# Will a class D audio SDS-470C Custom handle Infinity 9 Kappa



## curiousabs (Nov 19, 2013)

I have the opportunity to buy a pair of these speakers, I want them particularly for their bass performance. I currently own some paradigm 11se mk2 and a SDS-470C amp. Is my amp going to be sufficient as i have read that the kappa's are infamous for their low impedance. Do you think this would be a good upgrade from my paradigm's?


----------



## ajinfla (May 10, 2009)

I think you should email Class D Audio and ask.

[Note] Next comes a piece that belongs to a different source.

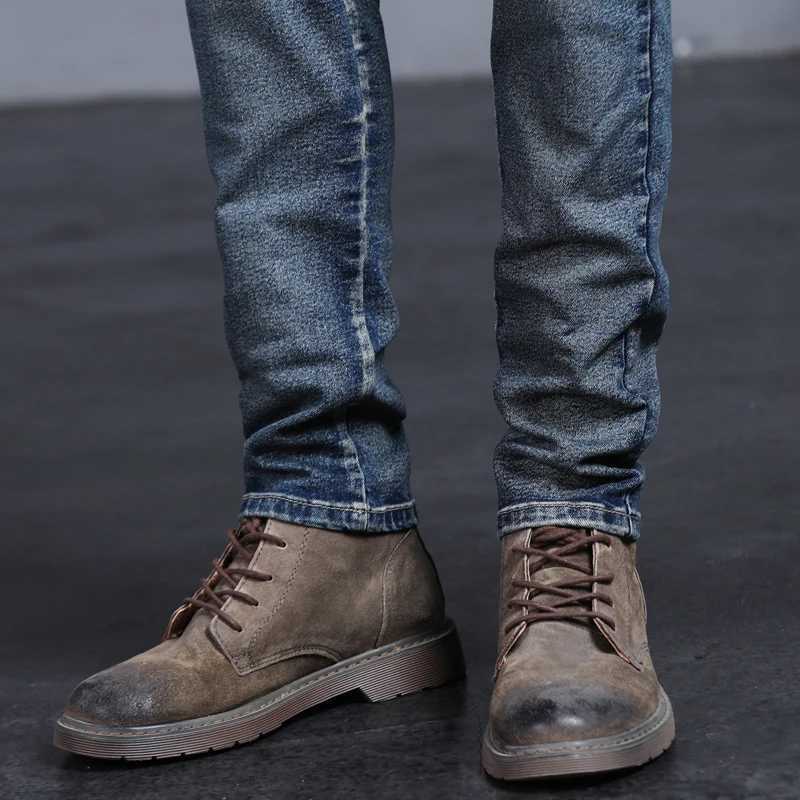 2023 Autumn New Winter Mens Jeans Retro Blue Solid Color Elastic Classic Jeans Mens Ultra Thin Fashion Jeans Trouser Mens 27-38 X250227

I believe the 470 is stable driving 2 ohms....but the old Kappas had 1 ohm (or less) minimas and steep phase angles if I recall, so....

cheers,

AJ


----------



## curiousabs (Nov 19, 2013)

Thanks for your reply ajinfla but i cant seem to get an email address for them. When I click on the "contact us" it just keeps looping the page.


----------



## |Tch0rT| (May 2, 2013)

Try this:
http://classdaudio.com/contacts

Their website is wonky. All the links at the bottom are wrong on the product pages unless you click on them from the main page or in the list of products.


----------



## curiousabs (Nov 19, 2013)

|Tch0rT| said:


> Try this:
> http://classdaudio.com/contacts
> 
> Their website is wonky. All the links at the bottom are wrong on the product pages unless you click on them from the main page or in the list of products.


Thanks for your help. I have decided not to go for these and instead pick up some paradigm reference bp's. I'm hoping they will be better than my current speakers.


----------